The apparent contradictions don’t end there. On the High Holy Days, he will again conduct his “Hasidic Reform Service,” an amalgam some might classify as an oxymoron.

Even in a city that reveres innovation more than tradition and informality over convention, Schwartz – known to one and all as Schwartzee – easily outdistances the competition as Los Angeles’ most unorthodox Orthodox rabbi.

On Rosh Hashanah, and again on Yom Kippur, the services will attract 1,000 participants, who will fill every available chair at the elegant Bonaventure Hotel.

Connoisseurs of the unusual will come to be turned on by a Kol Nidrei service filled, as Schwartzee puts it, with “melody, meaning and humor.” First-timers are attracted by an advertisement in the entertainment section of the Los Angeles Times, with the enticing legend of “NO TICKETS! NO APPEALS!”

Invited to the services, the ad continues, are “Conservative, Reform, non- affiliates and any Jew that moves!” On the evening of Rosh Hashanah, services will be followed by a happy hour social for couples and singles, and an informal question-and-answer session, dubbed “Stump the Rabbi.”

The whole package is sponsored by Schwartzee and his wife Olivia’s CHAI Center, which, the rabbi says, stands for Center for Happiness and Awesome Insights.

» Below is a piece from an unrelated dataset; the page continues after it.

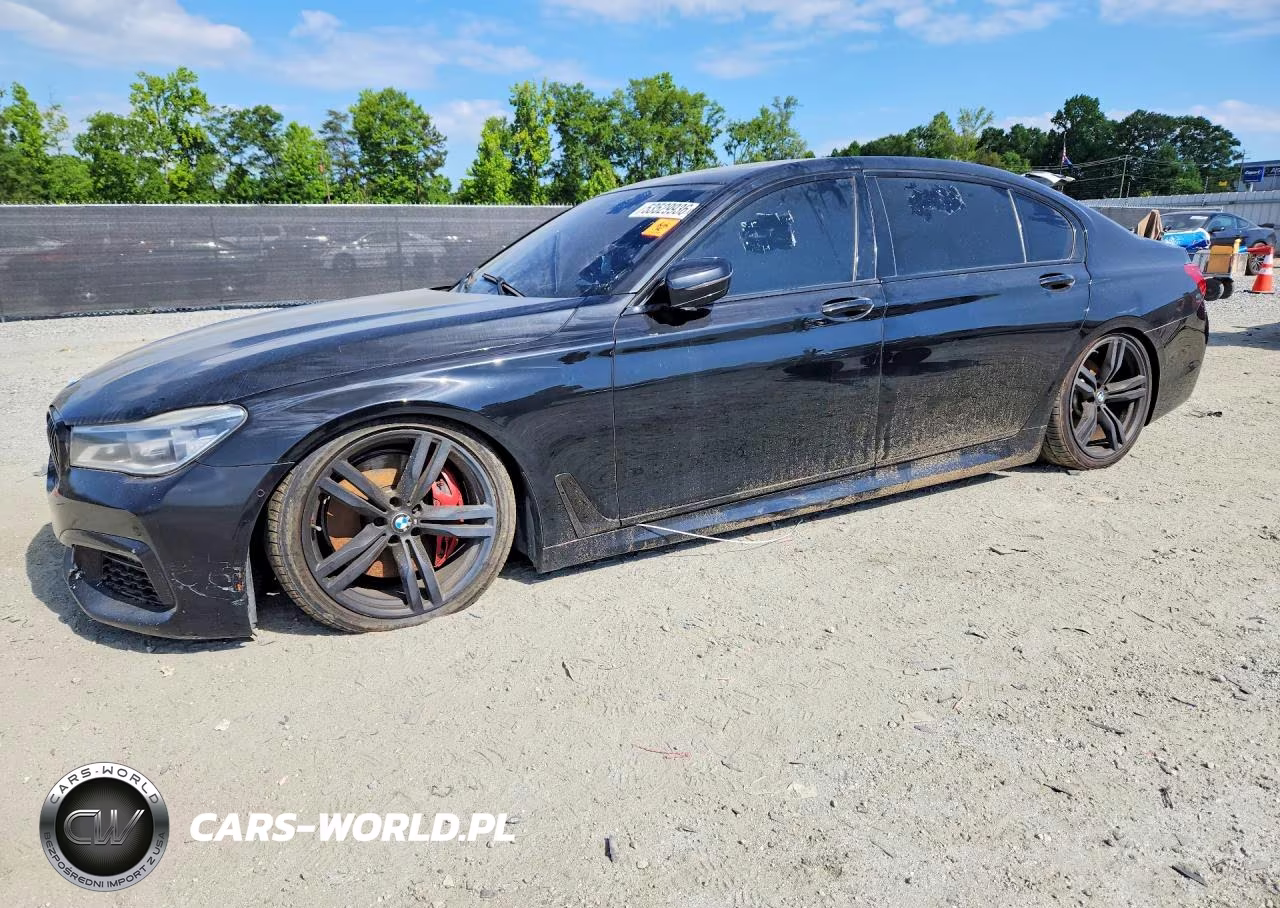 2016 BMW 750 Xi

The 46-year-old Schwartzee easily acknowledges that “I’m outrageous and funny (and) I’ll do anything that’s not contrary to Jewish law,” but he considers his showmanship essential in reaching the 75 percent of the 650,000 Jews in Los Angeles who are not affiliated with any synagogue.

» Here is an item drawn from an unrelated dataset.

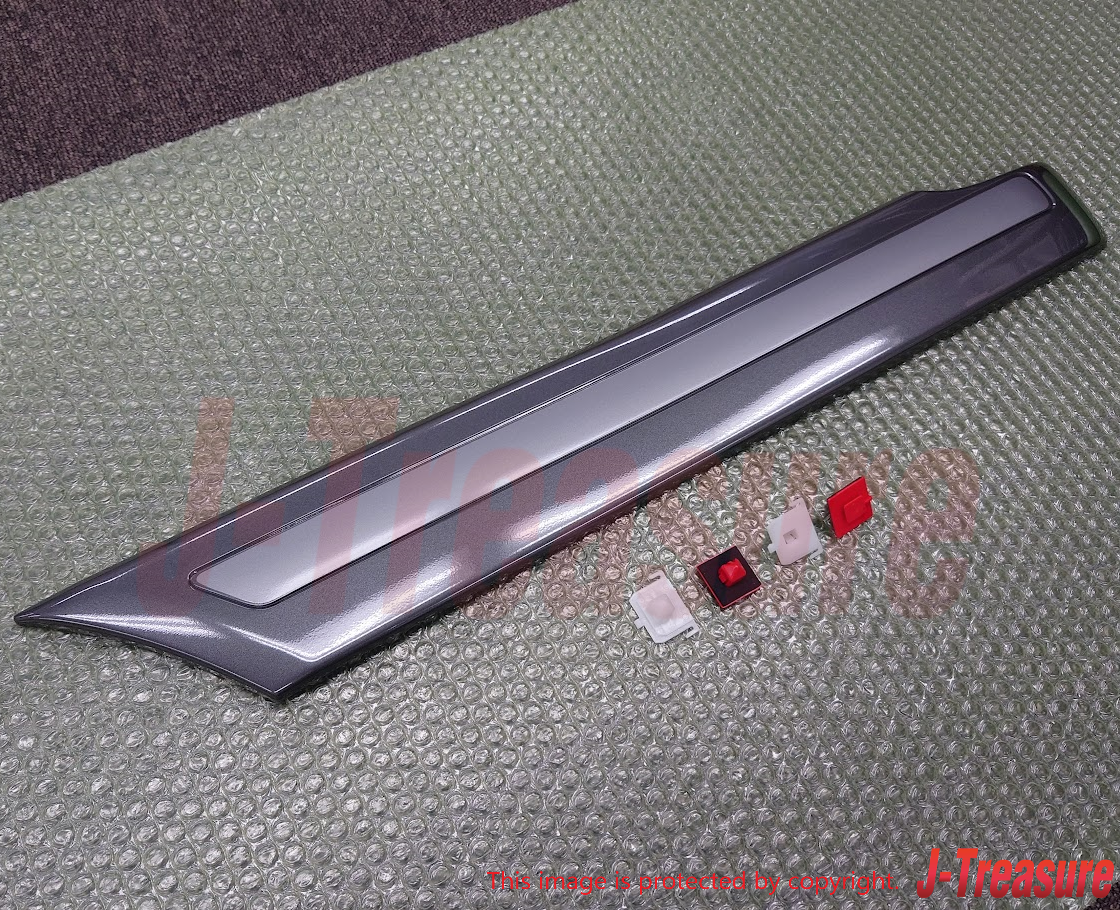 TOYOTA LAND CRUISER 98-03 Genuine MOULDING QUARTER OUTSIDE LH 75652-60170-H2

“I’m starting at ground zero, especially with people in their 20s to 40s, who haven’t been to a service in 10, 20 or 30 years, and some who haven’t been inside a synagogue all their lives,” says Schwartzee. “I want to let them find a way to come back (to Judaism) on their own terms.”

To that end, the services are entirely in English, leavened with the rabbi’s patented brand of anecdotes, parables and wit. His theology is also… well… flexible. He doesn’t expect his congregants to observe all 613 mitzvot (biblical commandments), but urges them to raise their “mitzvah quotient” one step at a time.

“It counts if they light Shabbos candles, even if they go to a movie afterwards, or attend Yom Kippur services even if they then eat a cheeseburger,” he says. Schwartzee describes this approach as a “partial mitzvah plan,” analogous to buying a car on partial payments.

“I work yidl by yidl and tell them whatever you are, move up at least one notch,” he adds.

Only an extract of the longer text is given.